Ecrit par dasola le mer 23 sep 2009 - 21h35

Rebonsoir, Un prophète est le film français de l'année. Je suis contente qu'Audiard continue de faire un parcours sans faute. Bonne soirée.
Ecrit par Alastor le sam 19 sep 2009 - 20h37
Je suis d'accord avec Pl, y'a des longueurs sur la fin mais il n'empêche qu'un film français ne m'avait pas enthousiasmer comme ça depuis longtemps! Voir un film pas intello mais en même temps pas politique ou trop social (ou trop beauf), je croyais que c'était impossible en france et apparament non!
Pour Là haut je l'ai aussi trouvé très bon, mature dans le scénario (et j'apprécie les films qui ne prennent pas les jeunes spectateurs pour des cons), époustouflant visuellement, drôle comme rarement les films de Pixar savent l'être....
Ecrit par pL le jeu 17 sep 2009 - 23h27
Pour Un prophète, honnêtement, je m'attendais à une plus grosse claque. Quelques longueurs notamment vers la fin... D'où le 15/20 puisque ça reste un excellent film, maîtrisé et percutant... mais je m'attendais à mettre 17 moi aussi!
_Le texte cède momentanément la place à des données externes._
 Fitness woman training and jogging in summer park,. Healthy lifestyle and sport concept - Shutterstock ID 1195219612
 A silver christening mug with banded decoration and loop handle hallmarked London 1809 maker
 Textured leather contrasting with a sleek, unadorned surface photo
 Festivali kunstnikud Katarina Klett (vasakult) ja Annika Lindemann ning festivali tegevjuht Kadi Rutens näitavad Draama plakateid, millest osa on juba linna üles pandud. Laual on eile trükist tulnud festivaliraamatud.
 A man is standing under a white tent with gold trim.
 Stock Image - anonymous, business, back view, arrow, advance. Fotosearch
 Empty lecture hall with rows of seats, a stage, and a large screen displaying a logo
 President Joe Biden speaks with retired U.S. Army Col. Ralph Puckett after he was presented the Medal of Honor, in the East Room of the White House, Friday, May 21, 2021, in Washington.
Pour Girlfriend Experience, c'est vrai que c'est un peu long... Mais c'est une expérience intéressante.
Ecrit par Eric le jeu 17 sep 2009 - 23h05
-Pour le Prophète, je suis entièrement d'accord avec toi, même si j'ai l'impression que la claque a été plus lourde pour moi ! perso la note ressemblerait plus à du 17/20.
-Pour The Girlfriend Experience pareil aussi, même si j'ai malheuresement ressenti pas mal d'ennui pendant la séance (10/20)
-J'ai adoré Là Haut par contre... pour moi le meilleur film d'animation de l'année !
quand à l'abominable vérité, "même si tu me payes..." tu connais la chanson.